COLUMBIA — Gov. Henry McMaster plans to name former U.S. Attorney Peter McCoy to lead South Carolina's embattled state-owned utility Santee Cooper, according to Senate Republican leaders.
Senate Majority Leader Shane Massey said the governor told him about his decision in a phone call April 5.
"He's well-respected. I think it's a good pick," Massey, R-Edgefield, told The Post and Courier on April 6, adding he hopes McMaster makes the announcement soon to jump-start the confirmation process.
Senate Judiciary Chairman Luke Rankin said he too was informed of the decision by the governor's office.
Both McMaster's office and McCoy declined to comment on the possibility.
The Senate must confirm McMaster's choice. The State newspaper first reported McMaster's intention, citing sources familiar with calls to senators.
McCoy, a Charleston Republican, clearly has a smoother path than the governor's last pick, who senators rejected.
"I think he would be stable," Sen. Katrina Shealy, R-Lexington, said of McCoy. "He would think things through, not be one of the good ol' boys that they have had down there. I think he's a smart person."
Massey noted that McCoy has knowledge not just of utilities but specifically Santee Cooper as he led the House's investigation into the 2017 failure of the nuclear power plant expansion at the V.C. Summer in Fairfield County.

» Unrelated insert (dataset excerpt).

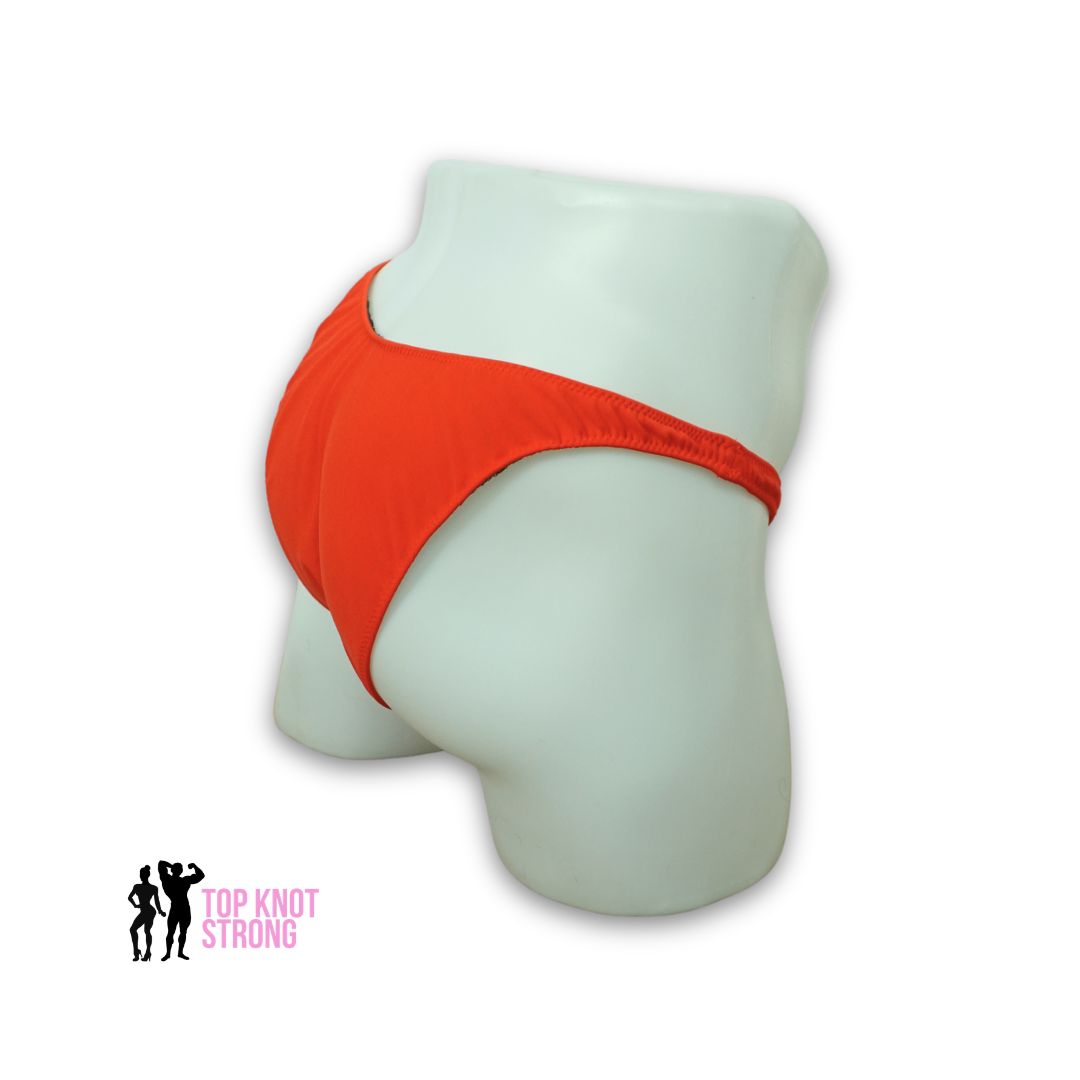 Persimmon Orange Men's Bodybuilding Posing Trunks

South Carolina Electric & Gas, the project’s majority owner, and Moncks Corner-based Santee Cooper jointly spent $9 billion before abruptly halting construction in July 2017.
After becoming U.S. attorney in March 2020, McCoy, the former House Judiciary chairman, led the prosecution of executives of Cayce-based SCANA Corp., SCE&G's parent company, which was sold to Dominion Energy about two years ago.

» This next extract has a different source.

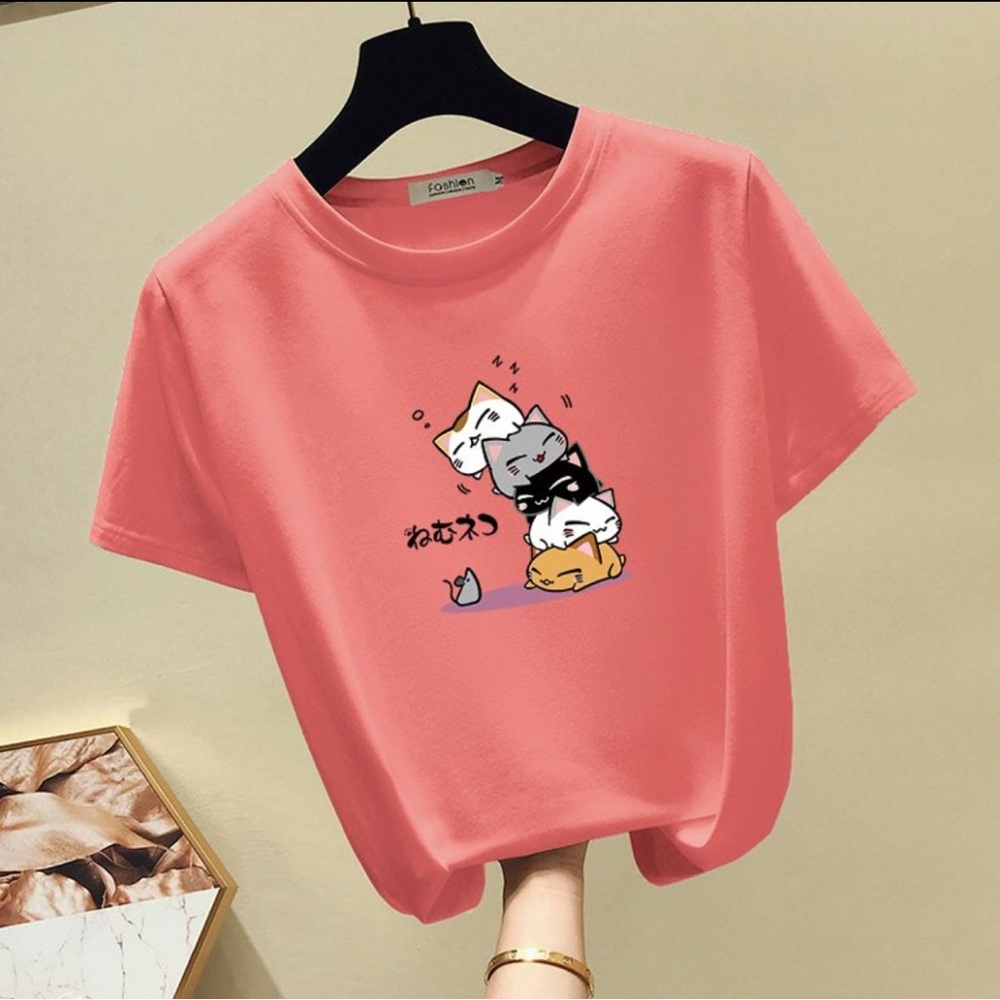 Playful Cat Graphic Tee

Like other Republican-appointed federal prosecutors, McCoy complied with the request of the Biden administration to step down. His Feb. 28 resignation came four days after former SCANA CEO Kevin Marsh pleaded guilty for covering up major flaws in the V.C. Summer project while the utility continued charging ratepayers for the costs.

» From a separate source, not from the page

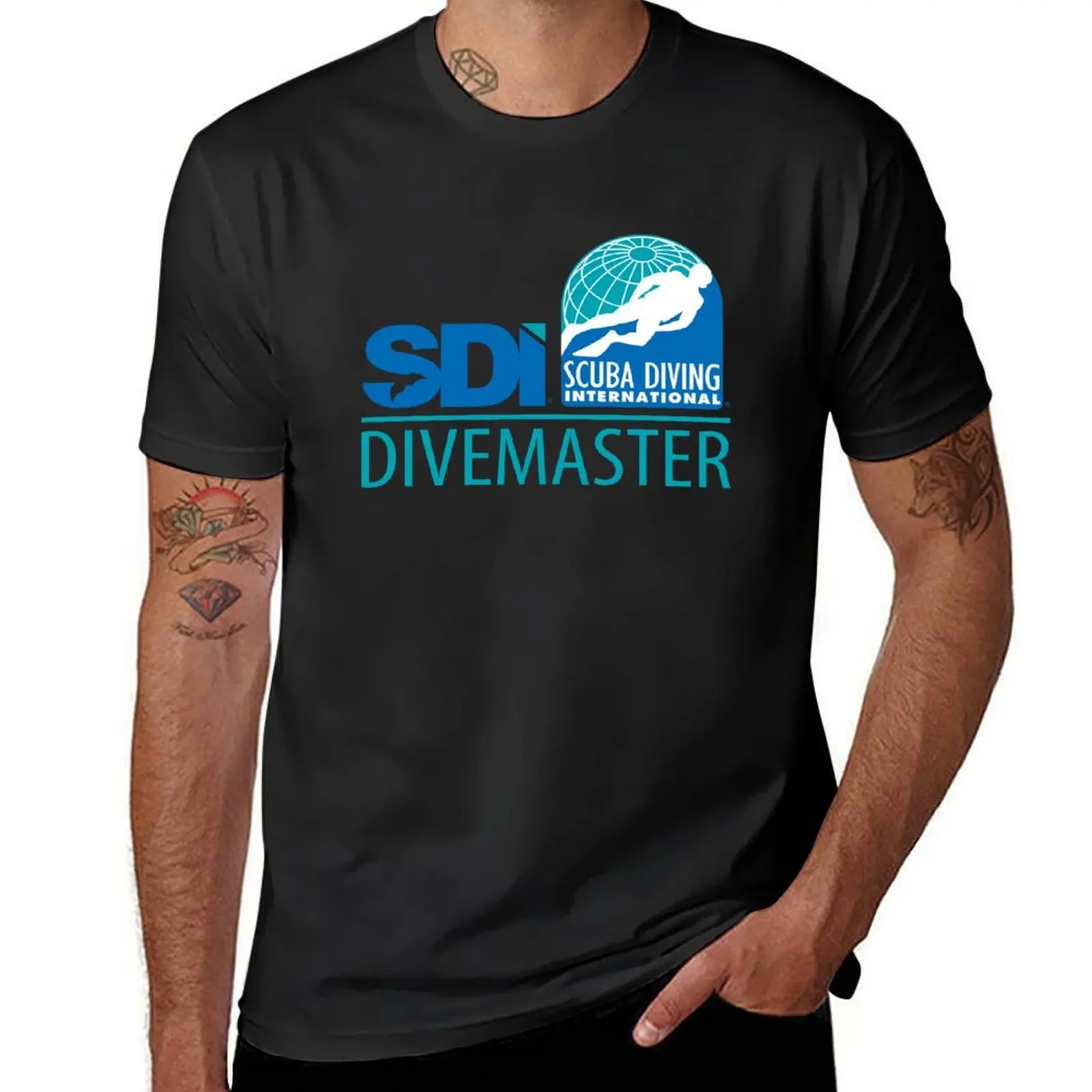 

Scuba Diving International (SDI) - Divemaster T-Shirt blue lock vintage t shirts summer top Men's clothing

Senate President Harvey Peeler, R-Gaffney, said he didn't want to get ahead of McMaster's announcement.
But "if it is him, it's an excellent choice," he said of McCoy. "He brings to the table a wisdom and a work ethic and a proven trusted relationship with the General Assembly, something that Santee Cooper's needed for quite some time."
Senate Transportation Chairman Larry Grooms, whose district includes Santee Cooper, praised McCoy as a "well-respected colleague who possesses extraordinary insight into the electric utility business in South Carolina.
"I applaud the governor for selecting someone who will have a great interest in protecting ratepayers and taxpayers as Santee Cooper enters into a new era of transparency and reform," said the utility's chief defender in the Legislature.
McMaster is making his pick as it becomes increasingly apparent the Legislature won't take the governor's advice to sell Santee Cooper after its $4 billion share of the fiasco.
If Santee Cooper remains under state ownership, appointing a new chairman is one way McMaster can reassert control of the utility.
McMaster has repeatedly labeled Santee Cooper a "rogue agency" that lost $4 billion of ratepayers' money on a power plant that was never finished and then fought to prevent its own sale by state lawmakers.
Santee Cooper has been without a permanent chairman since McMaster pushed former chair Leighton Lord to resign in December 2017 over his handling of the nuclear debacle.
In June 2018, McMaster appointed former S.C. Attorney General Charlie Condon, a political ally, to the job. But senators sued to block Condon's off-session appointment, arguing they hadn't confirmed the Charleston Republican to lead the utility. The state Supreme Court sided with McMaster, but in 2019 the governor withdrew Condon's name after a Senate panel rejected him.
Since then, investment banker Dan Ray of Georgetown has led Santee Cooper as acting chairman.